Born John Charles Barrett on October 28, 1953, in Gainesville, Florida, Child grew up in a musical household, with his mother being Cuban poet and songwriter Elena Casals. His father was John Frederick Barrett, an American petroleum engineer she met in Havana, Cuba. She moved with him to run a dairy farm in Gainesville, but they split in 1958 and she and their two sons moved to Miami, Florida.
Casals opened up her home to artists, poets and musicians fleeing the brutal totalitarian communist Fidel Castro regime that took power in her homeland, and despite training as a teacher, Casals herself became a poet and songwriter in her own right.

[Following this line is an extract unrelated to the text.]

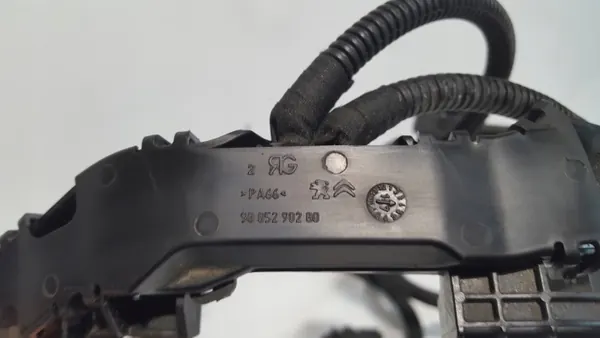 Opel Crossland X Batterikabel OEM E2E21 Begagnad image 4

“When people came out of Cuba they would stay with us until they got their feet on the ground,” Child said. “There were always descargas at our house, my mother singing her own songs, people reciting poetry.”
Casals had a minor hit in the Americas by composing “Muchisimo” for exiled Cuban bolero singer Roberto Ledesma. She remained an influence in the Cuban-American music community in Miami, helping identify up-and-coming talent and contributing lyrics to her son’s projects.
Casals was and remained a large influence in her son’s musical development over the years, and during high school he formed his first band.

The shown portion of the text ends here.